[Task input]
[Start of section]
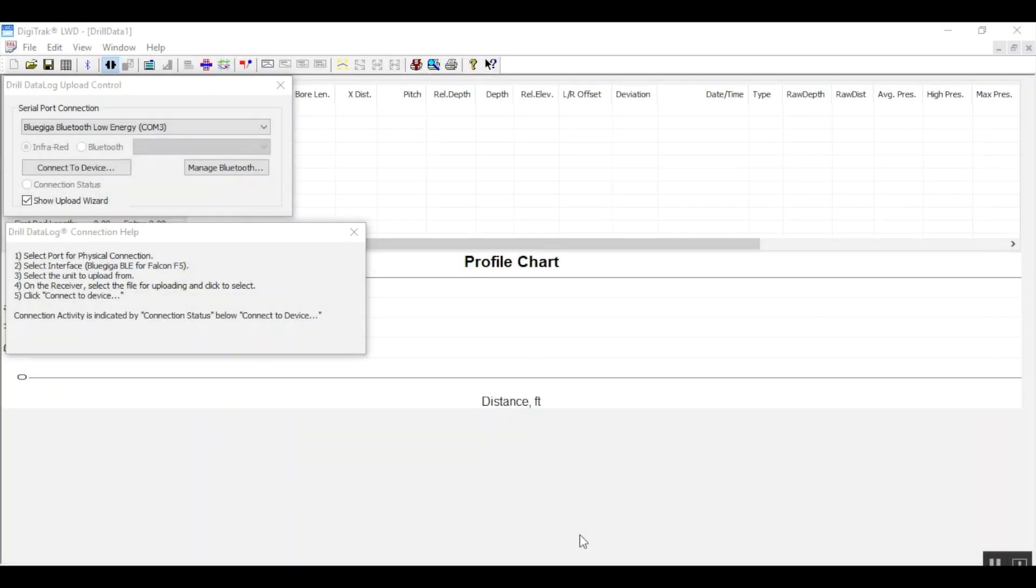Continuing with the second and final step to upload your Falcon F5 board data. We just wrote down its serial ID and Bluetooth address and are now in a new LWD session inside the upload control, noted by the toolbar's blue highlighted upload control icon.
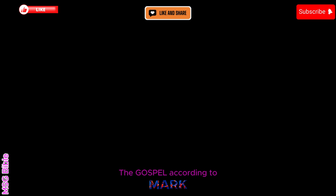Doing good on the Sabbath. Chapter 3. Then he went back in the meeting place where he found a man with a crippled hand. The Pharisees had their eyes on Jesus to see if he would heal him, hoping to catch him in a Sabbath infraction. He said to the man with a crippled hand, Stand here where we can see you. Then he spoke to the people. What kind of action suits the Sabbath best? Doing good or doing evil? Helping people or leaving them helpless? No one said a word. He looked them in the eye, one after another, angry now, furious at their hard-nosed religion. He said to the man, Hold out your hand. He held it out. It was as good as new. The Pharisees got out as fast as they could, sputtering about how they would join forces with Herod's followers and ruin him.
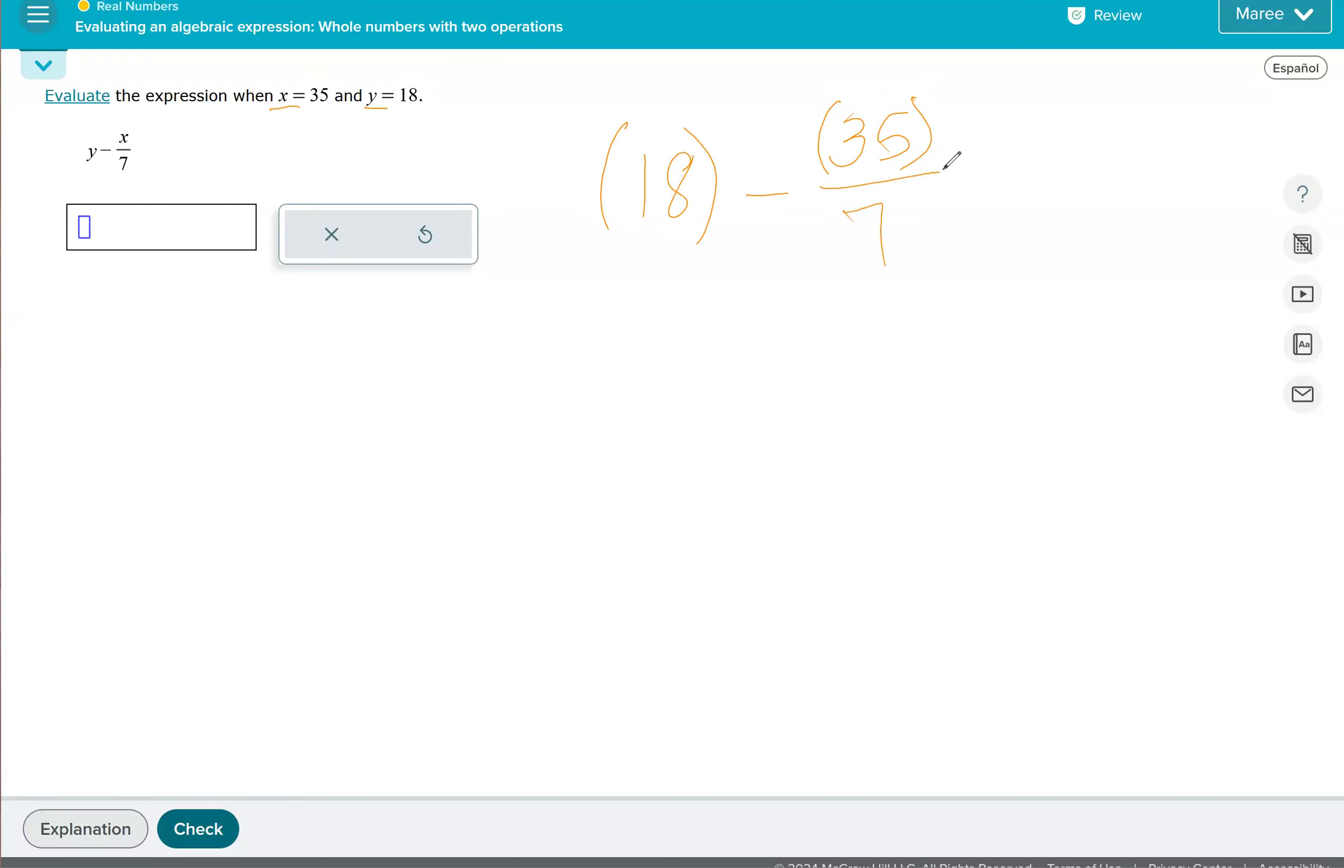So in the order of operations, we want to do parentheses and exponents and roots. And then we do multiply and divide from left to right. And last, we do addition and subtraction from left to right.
[End of section]
[Start of section]
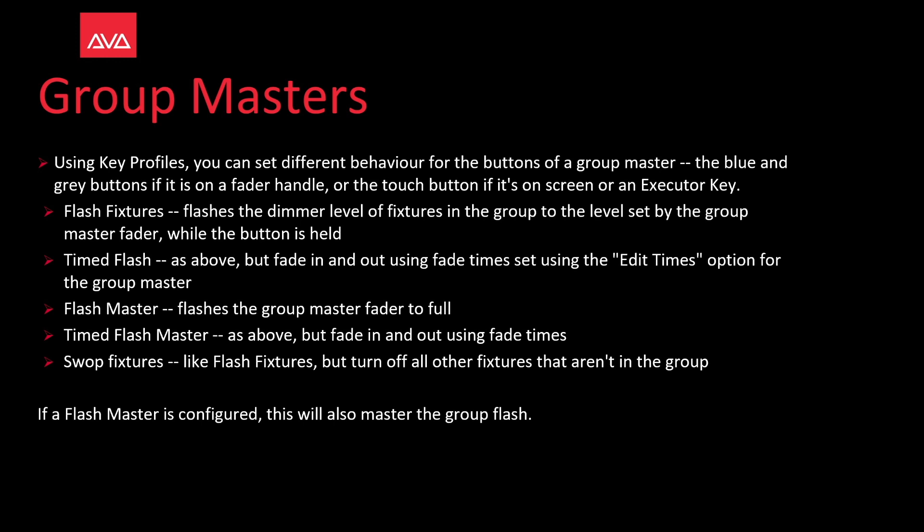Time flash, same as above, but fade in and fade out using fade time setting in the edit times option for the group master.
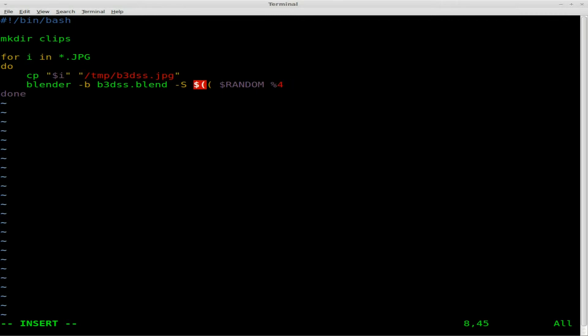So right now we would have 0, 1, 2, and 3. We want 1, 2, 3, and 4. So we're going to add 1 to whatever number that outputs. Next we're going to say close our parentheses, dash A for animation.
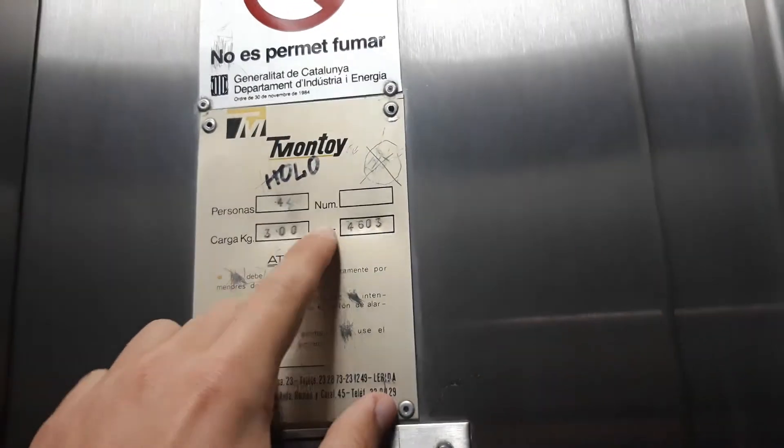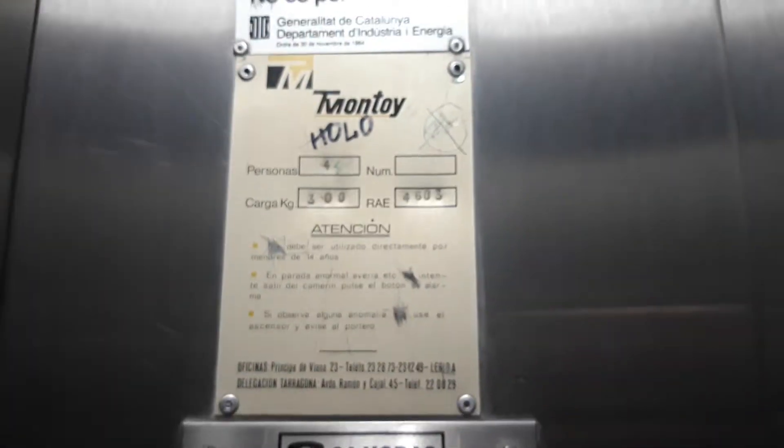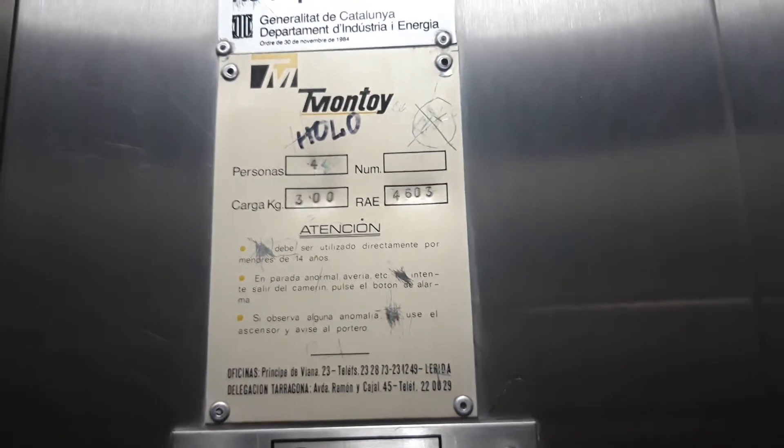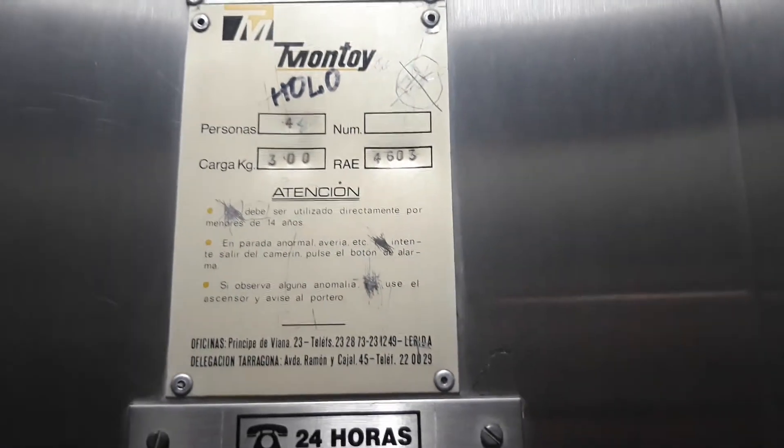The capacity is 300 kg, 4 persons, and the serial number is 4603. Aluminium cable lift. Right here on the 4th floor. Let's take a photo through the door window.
[End of section]
[Start of section]
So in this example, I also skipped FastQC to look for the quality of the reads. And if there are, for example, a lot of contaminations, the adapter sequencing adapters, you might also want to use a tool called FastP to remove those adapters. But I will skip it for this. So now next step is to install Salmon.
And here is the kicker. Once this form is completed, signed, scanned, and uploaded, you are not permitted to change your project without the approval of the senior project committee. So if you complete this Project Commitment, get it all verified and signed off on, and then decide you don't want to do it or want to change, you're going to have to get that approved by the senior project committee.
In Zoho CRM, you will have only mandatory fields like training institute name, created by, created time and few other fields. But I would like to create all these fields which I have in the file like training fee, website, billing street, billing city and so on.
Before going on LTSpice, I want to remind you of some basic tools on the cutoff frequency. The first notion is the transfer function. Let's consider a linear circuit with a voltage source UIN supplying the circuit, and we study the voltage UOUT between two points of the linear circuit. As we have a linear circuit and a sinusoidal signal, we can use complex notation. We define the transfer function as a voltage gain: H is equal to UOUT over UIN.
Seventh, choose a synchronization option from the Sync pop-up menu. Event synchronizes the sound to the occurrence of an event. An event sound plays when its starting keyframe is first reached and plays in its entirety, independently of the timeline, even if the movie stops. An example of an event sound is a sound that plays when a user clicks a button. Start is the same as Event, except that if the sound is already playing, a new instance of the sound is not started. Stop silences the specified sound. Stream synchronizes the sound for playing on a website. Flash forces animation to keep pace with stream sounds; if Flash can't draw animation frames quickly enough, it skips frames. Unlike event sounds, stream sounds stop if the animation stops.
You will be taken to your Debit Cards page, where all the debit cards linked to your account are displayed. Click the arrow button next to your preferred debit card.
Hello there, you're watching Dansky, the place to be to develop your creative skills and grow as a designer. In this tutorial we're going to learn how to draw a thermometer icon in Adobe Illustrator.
[End of section]
[Exercise requirements] In the records above, find the line with "Seventh, choose a"; write out exactly that line and each one after it, stopping after the line with "Hello there, you're".

[Written answer]
Seventh, choose a synchronization option from the Sync pop-up menu. Event synchronizes the sound to the occurrence of an event. An event sound plays when its starting keyframe is first reached and plays in its entirety, independently of the timeline, even if the movie stops. An example of an event sound is a sound that plays when a user clicks a button. Start is the same as Event, except that if the sound is already playing, a new instance of the sound is not started. Stop silences the specified sound. Stream synchronizes the sound for playing on a website. Flash forces animation to keep pace with stream sounds; if Flash can't draw animation frames quickly enough, it skips frames. Unlike event sounds, stream sounds stop if the animation stops.
You will be taken to your Debit Cards page, where all the debit cards linked to your account are displayed. Click the arrow button next to your preferred debit card.
Hello there, you're watching Dansky, the place to be to develop your creative skills and grow as a designer. In this tutorial we're going to learn how to draw a thermometer icon in Adobe Illustrator.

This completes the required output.